Andererseits klingt mir “track” eher ungewöhnlich als Übersetzung für Fahrbahn. Im Zusammenhang mit Autos bringe ich “tracks” nur in Verbindung mit Rennbahnen (oder Autospuren). Nach dem Zusammenstoß zwei Einhorngülle befördernden LKWs, sagt man, “Due to unicorn manure on the roadway…”. Kommt ja jeden Tag in den Nachrichten vor.
Ich stimme den Berlin-Grabers zu. In den USA handelt es sich im Verkehrsfunk immer um “The left lane on I-95 north is blocked due to…” o.Ä. Keine Ahnung was die Briten sagen.
Was sagen die Briten? Genau wie ihr. “Tailbacks due to lane closure on M6 northbound, junctions 16 to 18”.
Wow, wissen alle immer so genau in welche Himmelsrichtung sie gerade fahren??
Ich höre bei Verkehrsnachrichten fast nie zu, aber ich glaube in Deutsch sagen sie fast immer einen Ort dazu.
Ja, sonst wird man die Verkehrsnachricten ziemlich nutzlos finden.
Stimmt :). Blöde Frage.
Ach woher denn! Soll man immer in Deutschland wissen, wohin er fährt?
In Chicago haben unser Expressways Namen wie “Eisenhower Expressway” oder “Dan Ryan Expressway”. Ja sicher, sie haben auch offiziellen Namen (I-290, I-95) etc, die mit seinen Nummern zeigen die Richtungen, aber die echte Chicagoans nutzen meistens diese personlichen Namen. Und sogar es gibt etwas schlimmer: die Nachrichten bekurtzen (shorten? abbreviate?) die richtig Namen, und bezeihe nicht Richtung wie East-West, sondern ob man Fahrt hin oder weg von die Stadt, so: “Two semis hauling unicorn dung have crashed. The outbound Ike is closed, inbound Ryan is stop and go”. Deshalb sind die Verkehr-Nachrichten ganz verwirrend für Fahrer, sie die Namen (Und slang Namen!) nicht kennen.
Ja, ähnlich ist es in z.B. Dallas, wo I-35E meistens eher “Stemmons Freeway” genannt wird, wie auch I-30 “R.L. Thornton Freeway”, TX Spur (!) 366 immer “Woodall Rogers Freeway” usw. Allerdings ist da die Rede immer von der Himmelsrichtung.
Das wäre irgendwie cool hier…
“Wegen Einhorndung ist die Merkel in Richtung München gesperrt.”
Sind die Namen immer irgendwelche Politiker? Oder gibt’s auch zum Beispiel den “Miles Davis Freeway”?
Ohhhh… gibt’s überhaupt irgendwelche weiblichen Freeways :)?
Ja, einige: https://www.aaroads.com/forum/index.php?topic=14479.0
There’s a similar word ín English. Spoor. It means the physical track or trace of an animal – well, as far as I know. I’ve never seen it used for persons.

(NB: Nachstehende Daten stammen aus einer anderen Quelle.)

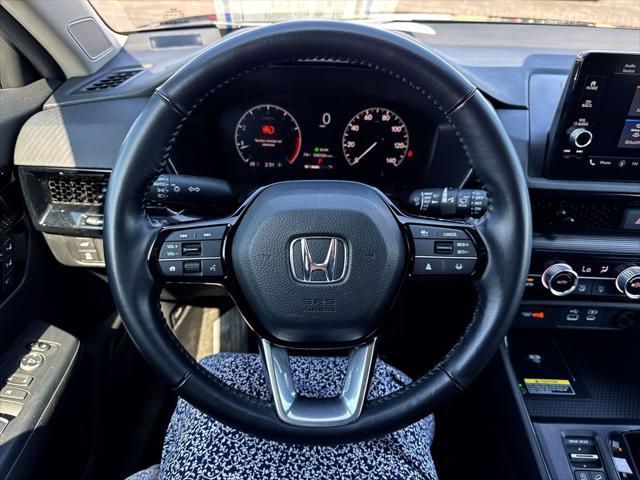 2025 Honda CR-V EX-L 2WD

Oh cool :). Didn’t know that!
Just a few quick responses on the questions about idiomatic phrasing…
– Das Eichhörnchen berichtet der Waldversammlung, wo es die Einhornspuren gefunden hat.
– The squirrel tells the forest meeting, where it found the unicorn (foot) prints.

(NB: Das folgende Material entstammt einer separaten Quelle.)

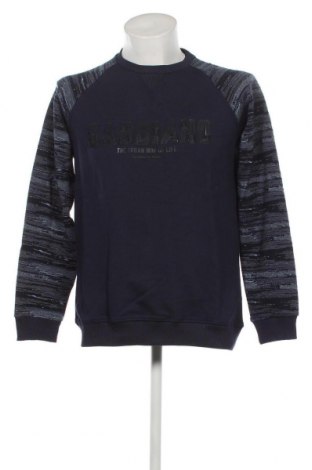 Ανδρική μπλούζα Gabbiano, Μέγεθος M, Χρώμα Μπλέ, Τιμή 7,77 €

(should I say hoof-prints here?)
“Hoof-prints” works well, but “footprints” (or especially just “prints”) wouldn’t strike me as wrong.
– Wegen Einhorndung auf der Fahrbahn ist die linke Spur in Richtung Berlin blockiert.

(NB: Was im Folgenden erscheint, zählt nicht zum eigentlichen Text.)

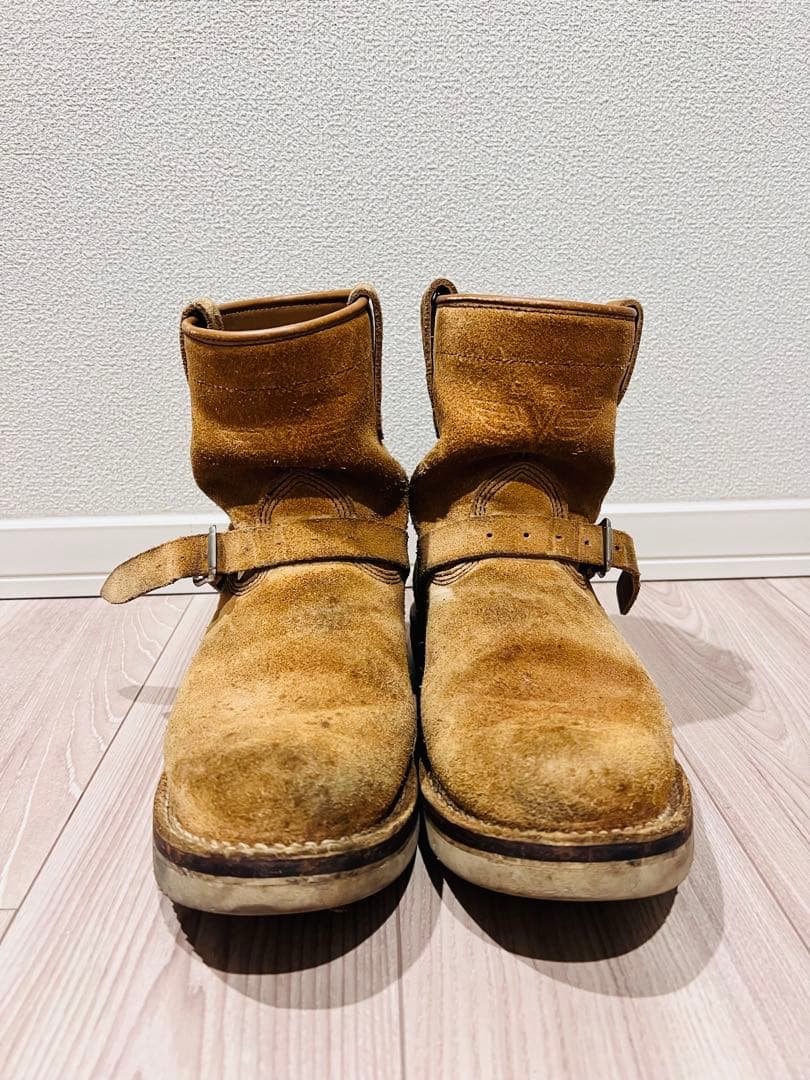 VIBERG エンジニアブーツ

– Due to unicorn manure on the track, the left lane in the direction Berlin is blocked.
(this is probably not idiomatic English, how would that be in proper traffic news speak?… danke :)
This is a little tricky, and probably better answered by a Brit or somebody. In the parts of the US where I’ve lived, cardinal directions are usually used: “…the west-/eastbound left lane is blocked.” If the highway were identified by its direction, I’m guessing it would most likely be “the left lane on [name of highway] toward Berlin.” “In the direction of” is fine but has a lot of syllables, so it wouldn’t tend to be used in reporting.
– Marias Bruder lebt ein Leben auf der Überholspur.
– Maria’s brother is living a life on the fast lane. (lit.: “over take lane“)
“To live life in the fast lane” is idiomatic (that’s how I’d phrase it in AE), but there’s also the term “passing lane,” which translates “Überholspur” more directly. (Just FYI.)
There’s also that 80s (?) song ”life in the fast lane’. I wonder if it was an idiomatic phrase before then, or just since the song came out.
He or she is living “Life in the fast lane” has been a saying as long as I can remember, which is well before the 80s. I imagine it began with the Interstate Highway System.